新聞は難解な事象や専門的な事項を門外漢の人にも分かるように、はっきり言って中学生でも理解できるよに書かれているのが特徴だ。これを何十年も読んでいれば世界も理解できるようになるというものだ。アナログもまだ活躍しているのを知って嬉しい。
■節分と言えば豆まきだったが・・・
七草がゆや節分の日などはずっと昔のイベントだが、それなりに今も七草がゆを口にしたり、節分の日には福豆を食べている。わが家は冬至にも冬至かぼちゃを食べる習わしを現在も続けている。
節分は2月3日。節分には「豆まき」をする風習がまだ家庭に残っており、「鬼は外、福は内」と声を張り上げながら豆をまき、自分の歳の数だけ豆を食べている。
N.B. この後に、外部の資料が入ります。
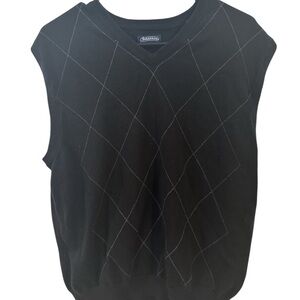 Men’s Black 100% Cotton ARGYLE sweater vest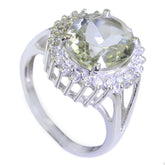 Grace Light Green Halo Ring with Sterling Silver Green Amethyst Green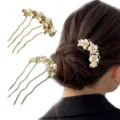 New Chinese style flower hair fork hairpin for women bun hair styling vintage hair accessories - Gold Rhinestone Flower Butterfly Set (1132-9) / 2 Pcs/Set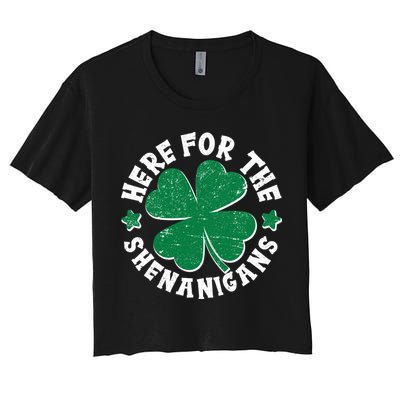 St Patricks Day Here For The Shenanigans Lucky Shamrock Clover Crop Top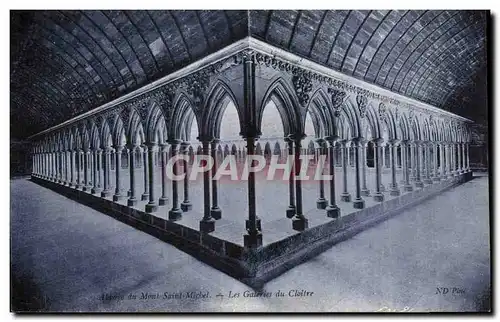 Cartes postales Abbaye dy mont michel Les galeries du cloitre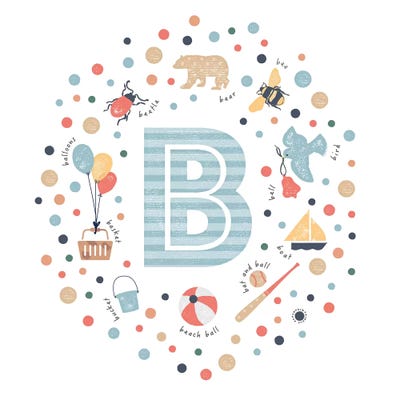 Illustrated Letter B Blue Canvas Artwork By PaperPaintPixels | ICanvas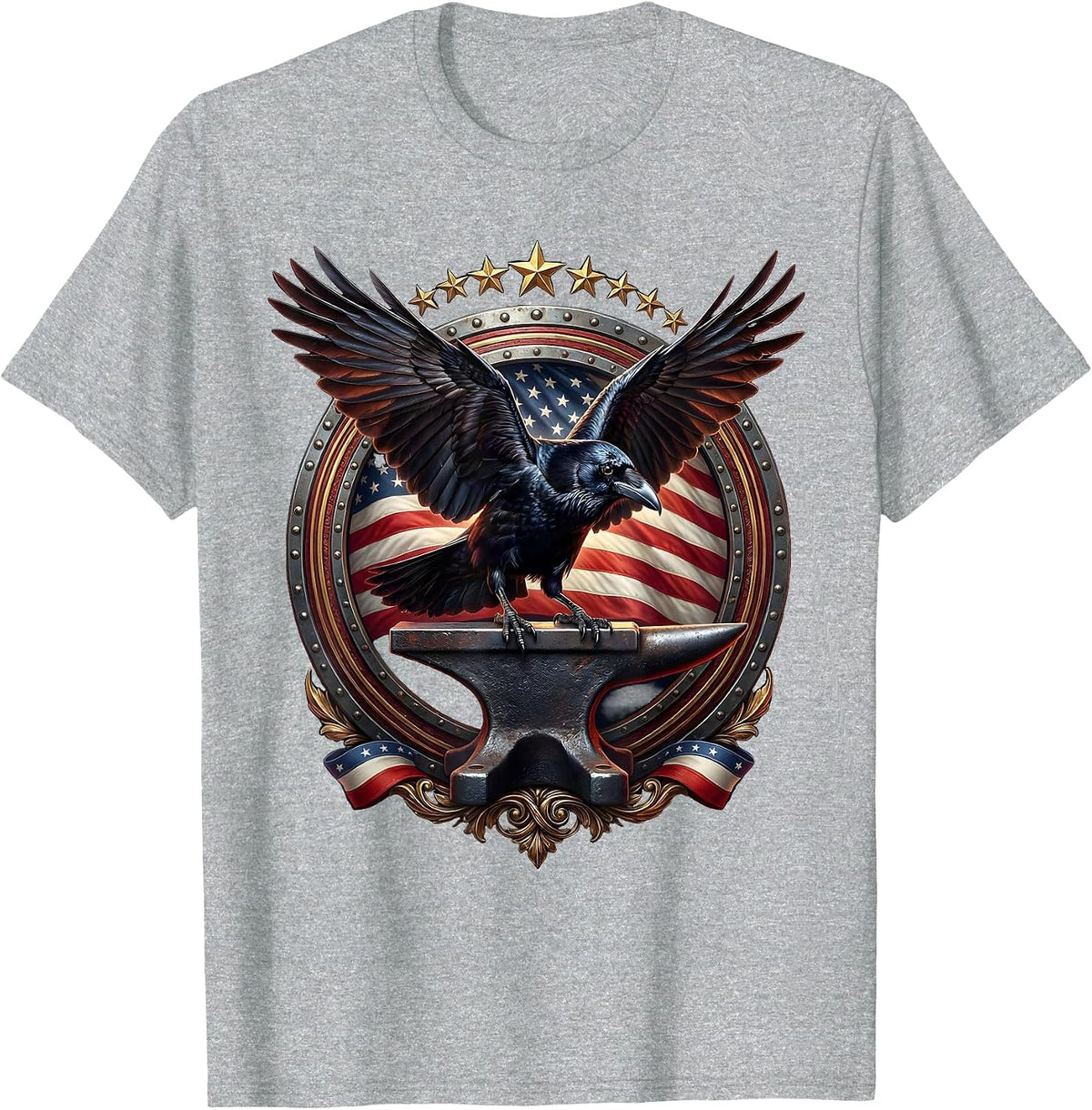 Men's Crow Landing on Anvil Blacksmith Graphic Tee T-Shirt - Heather Grey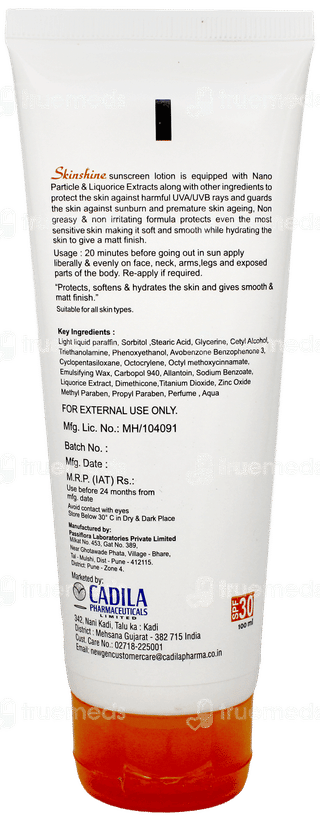Skinshine Spf 30 Sunscreen Lotion 100Ml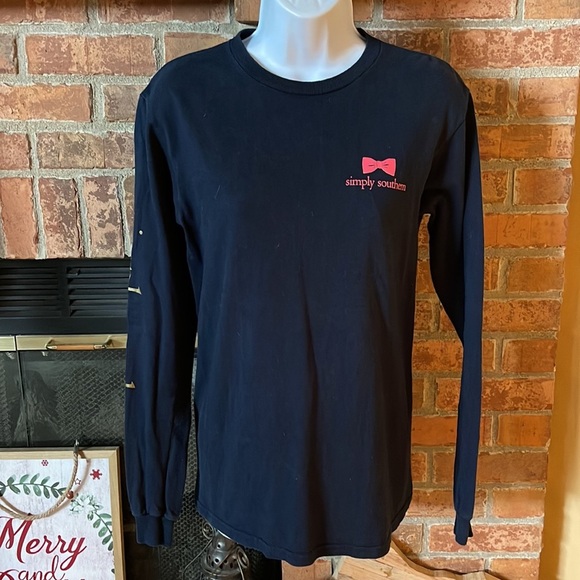 Simply Southern Navy Elephant Let Go Let God Long Sleeve Shirt - Picture 4 of 7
わが家もまだ子どもが小さいときには、豆まきをやっていた。豆には悪者の代名詞の鬼を退治する力があると信じられ「鬼は外」と追い払った。
よりよい年でありますようにと縁起を担いで年男や年女が豆をまき、健康でありますようにと、栄養たっぷりの豆を年の数だけ食べたものだ。
豆まきは節分のゆかしい習わしである。「まめで幸せに」なりたいものだ。買ってきた豆菓子の袋を見ると「出羽三山 羽黒山伏祈願」(でん六=本社山形県山形市)とある。
五穀豊穣などを願って江戸時代に始まったといわれる成田山新勝寺(千葉県)の豆まきには大相撲の大関・豊昇龍や小結・高安のほか、NHKドラマ「光る君へ」で主人公の紫式部を演じる吉高由里子さんや藤原道長役の柄本佑さんなどが参加し、「福は内」だけを唱えながら豆まきをした。
■今や恵方巻が優勢に
まだ子どもが家にいて豆まきをやっていたのは遠い昔のこと。子どものいる家はどうやら最近では「豆まき」よりも「恵方巻き」を食べる人のほうが多くなっているようなのだ。
豆まきも恵方巻きもどちらも2月3日の節分の日に食べるものだが、豆を食べるより太巻きを食べる勢力のほう断然増えているようなのである。今年の方角は東北東。
自分で確認するのを忘れたが、同日最寄り駅のイマチカ(ショッピングセンター)に行った家人の報告によると、専門店街・魚力の売り場では恵方巻きを買い求める客でごった返していたという。
■スイーツ恵方巻も登場
こだわり具材が詰まった本格恵方巻は豪華海鮮太巻(税込1本2798円)、海の幸太巻(同1394円)、七福海鮮巻(同1718円)が飛ぶように売れていたという。
また古市庵ではボリューム満点で食べ応えのある節分うず潮巻(1本1544円)や節分開運太巻穴子(同788円)が販売され、Salaや咲菜、紀伊國屋も恵方巻(1本1998円)で売っていた。
面白いのはいつもと気分を変えた変わり種。とんかつ和幸(惣菜部門)がひれ、海老、味噌ひれの3種類の恵方巻を販売し、崎陽軒では「シウマイ恵方まん」(1本400円)を売り出していた。
さらにはゲン担ぎとして甘い「スイーツ恵方巻き」も売られていたとか。節分ロールやフルーツロールケーキも販売中だった。
それにしても諸物価高騰の折、恵方巻も1年前より1本当たり100~200円は高くなっているはず。それなのに「飛ぶように売れている」とはどういうことか。
生活に困っている人がたくさんいて格安スーパーを走り回っている一方で、高価なものを求める人も少なくない。路上では国産車よりも今やドイツ車を乗り回す人が目立つ。
犬や猫を飼っている人たちの数が増えているのにはびっくりする。どの犬も猫も結構高価である。犬猫の散歩をしている人は富裕層なのだろう。「生類憐れみの令」を思い出すばかりだ。